Sie standen ja im Revierführer: die „acceleration zones“, d.h. Seegebiete vor den Steilküsten der kanarischen Inseln, an denen durch den Düseneffekt der Wind erheblich stärker weht. Die Rede war von einer Steigerung um 10-15kn.
Auf der Überfahrt von den Selvagems nach La Palma hatten wir im Schnitt 20kn, also Windstärke 5. In der acceleration zone erwarteten wir also 30-35kn (Windstärke 7). Alles im grünen Bereich, zumal sich in dem kleinen Gebiet kein Seegang aufbaut, der diesem Wind entspricht. Also zwei Reffs ins Groß und rein ins Vergnügen.
Aber Rasmus hatte sich das anders vorgestellt. Es kachelte auf einmal mit 40-45 (9 Bft), in Böen auch schonmal 50-55kn (10 Bft), ein ausgewachsener Sturm also. Und auch aus den 2-3 Meter Wellen wurden ab und an 4-5 Meter, so dass das Ganze doch ein recht sportliches Erlebnis wurde.
Weder Windsteueranlage noch Autopilot konnten das mehr steuern, und so durfte ich Sturmtaktik beim Rudergehen üben: wenn die großen Wellen anrollten, vor den Wind gehen, damit einen die Welle genau von achtern erwischt und nicht querschlagen lässt. Wenn kleinere Wellen anrollen, wieder anluven, damit man irgendwann auch aus der acceleration zone heraus- und in die Abdeckung der Insel hineinkommt.
Mich hatte die ganze Aktion in unserer normalen Bordkleidung erwischt (kurze Hose, T-Shirt), war sofort klatschnass und schaffte es erst nach einer halben Stunde, kurz nach unten zu gehen und Ölzeug anziehen zu können.

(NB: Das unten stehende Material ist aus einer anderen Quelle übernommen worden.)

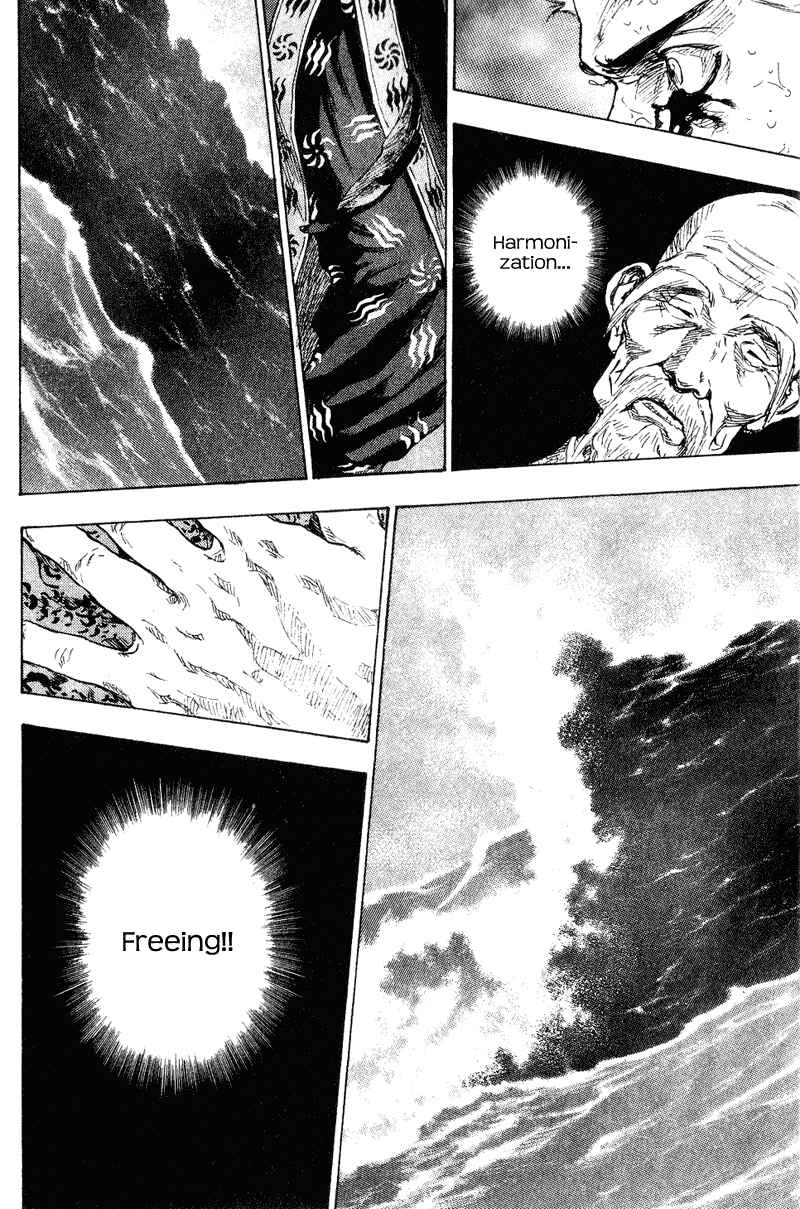 Page 5 Chapter 164 Shamo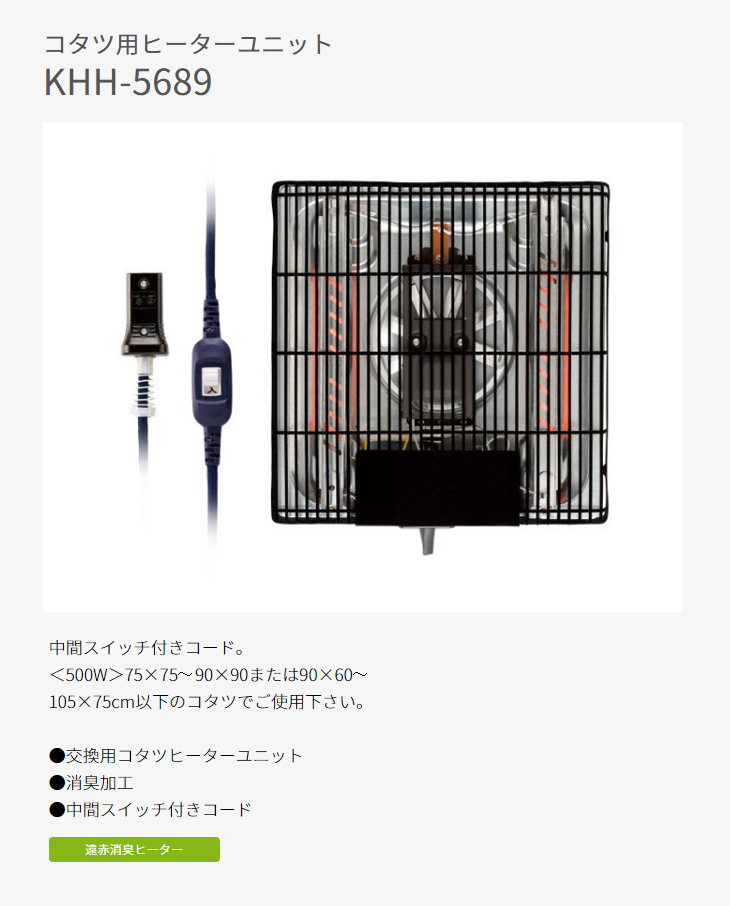 割引 コイズミ コタツ用 ヒーターユニット 500W 電子リモコン付 KHH-5180 fucoa.cl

Birgit war währenddessen unter Deck damit beschäftigt, die umherfliegende Inneneinrichtung zu bändigen, denn alles was nicht niet- und nagelfest gestaut war, entwickelte einen ungeheuren Bewegungsdrang. Und welche Luken nicht ganz dicht sind, wissen wir jetzt auch genau. Aber insgesamt hatte unsere Muktuk keinerlei Schwierigkeiten mit diesen Verhältnissen, sie blieb jederzeit kontrollierbar und sicher.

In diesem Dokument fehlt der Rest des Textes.